On October 27, 2011 at 1:00 p.m. in the Charles B. Wang Center Theater, in a co-sponsored lecture with the School of Medicine, Dr. Marie-Claire King will give a talk on “Anna Karenina and the Genetics of Complex Disease.” Mary-Claire King is an American Cancer Society Professor in the Department of Medicine and the Department of Genome Sciences at the University of Washington in Seattle. She was the first to prove that breast cancer is inherited in some families as the result of mutations in the gene that she named BRCA1. Her research interests include inherited breast and ovarian cancers, genetics of hearing loss, the genetic bases of schizophrenia, and human genetic diversity and evolution. Dr. King is President-Elect of the American Society of Human Genetics. She has been elected to the National Academy of Sciences, the American Academy of Arts and Sciences, the Institute of Medicine, and is a foreign member of the French Academy of Sciences. Dr. King has received 13 honorary doctoral degrees, including those from Harvard, Yale, Columbia, and Princeton Universities.
On October 27, 2011 at 4.00 p.m. in the Humanities Institute, Room 1006, Dr.
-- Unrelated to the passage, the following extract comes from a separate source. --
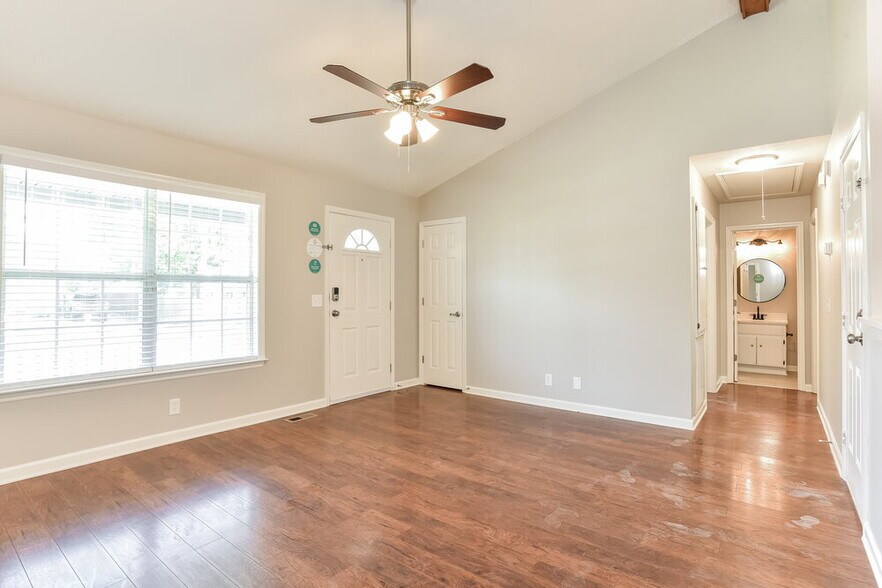 Building Photo - 4936 Deerhaven Dr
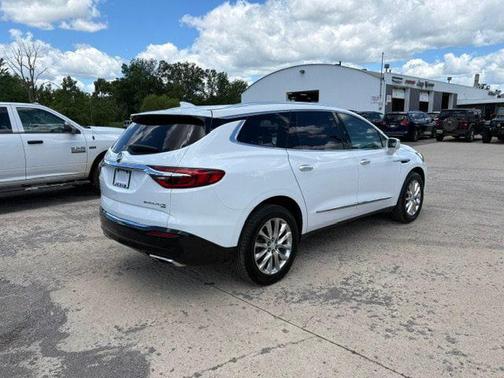 Summit White 2018 Buick Enclave Premium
Isobel Coleman will speak on “Women, Islam and Reform in the Middle East.”Isobel Coleman is a Senior Fellow at the Council on Foreign Relations in New York, where she directs the Council’s Civil Society, Markets, and Democracy initiative and the Women and Foreign Policy program. Her areas of expertise include democratization, civil society, economic development, regional gender issues, educational reform, and microfinance. She is the author and co-author of numerous publications, including Paradise Beneath Her Feet: How Women are Transforming the Middle East, Restoring the Balance: A Middle East Strategy for the Next President, and Strategic Foreign Assistance: Civil Society in International Security. Dr. Coleman’s writings have also appeared in publications such as Financial Times, Forbes, Foreign Affairs, Foreign Policy, the International Herald Tribune, the Washington Post, and USA Today.